DATA section start
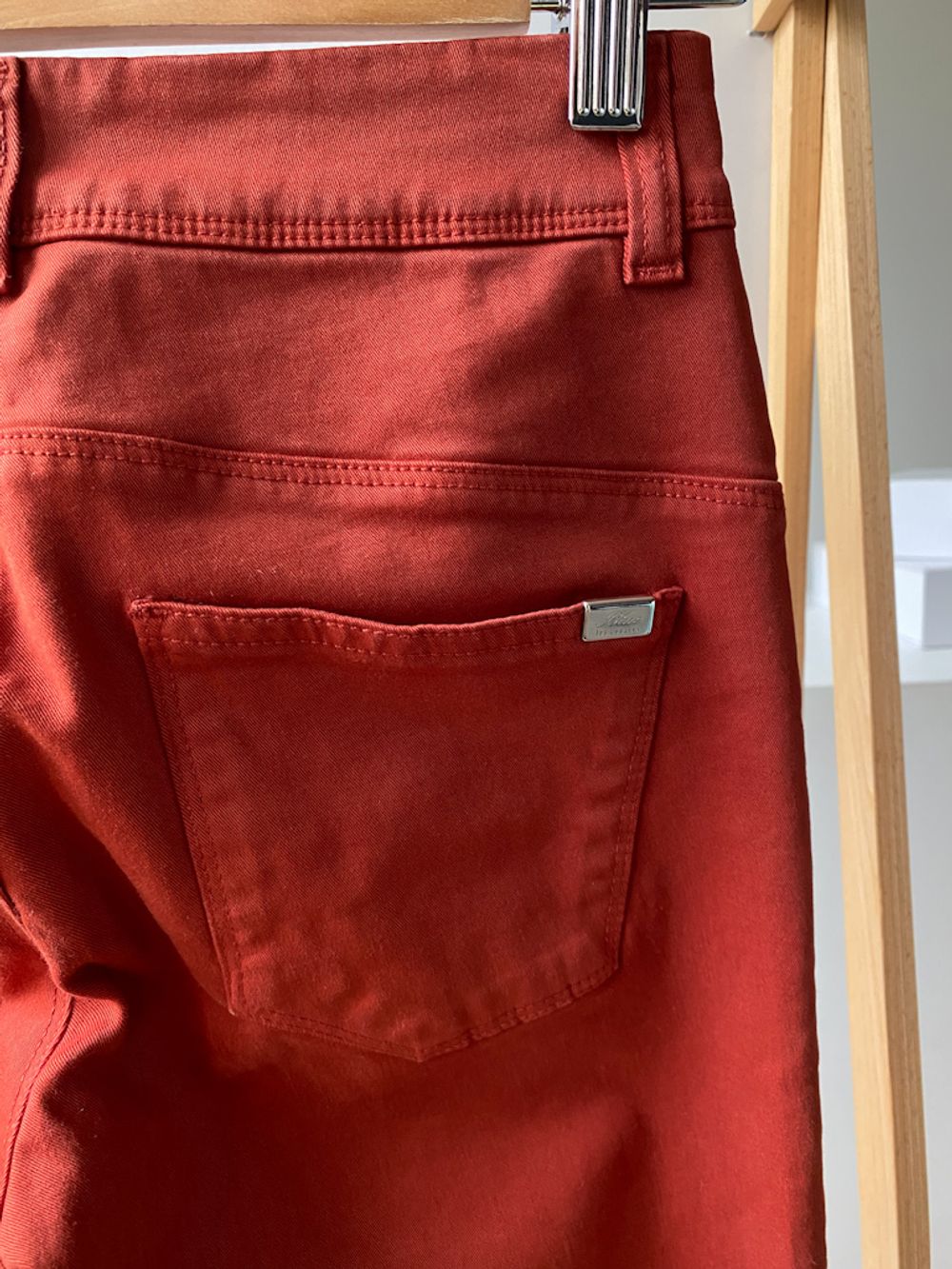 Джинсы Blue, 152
DATA section end
DATA section start
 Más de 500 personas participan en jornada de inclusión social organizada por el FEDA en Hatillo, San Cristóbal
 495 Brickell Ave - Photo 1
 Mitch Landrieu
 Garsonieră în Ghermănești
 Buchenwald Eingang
DATA section end
DATA section start
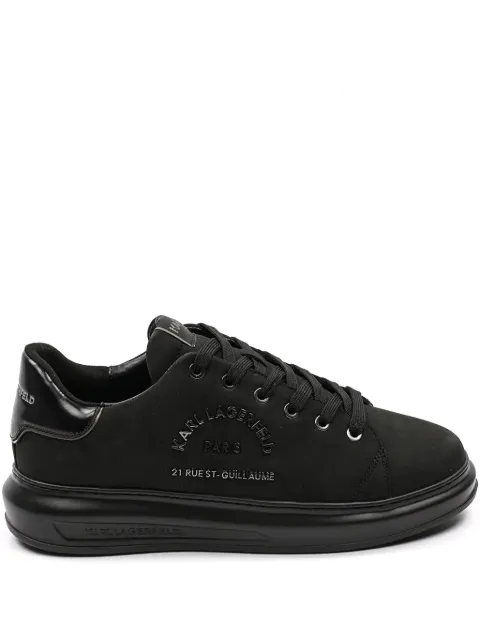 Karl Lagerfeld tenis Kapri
DATA section end
PROBLEM TO WORK ON: Copy verbatim, from the listing above, each line from the one containing "Mitch Landrieu" down to the one containing "Buchenwald Eingang", inclusive.

ANSWER TO THIS TASK:
 Mitch Landrieu
 Garsonieră în Ghermănești
 Buchenwald Eingang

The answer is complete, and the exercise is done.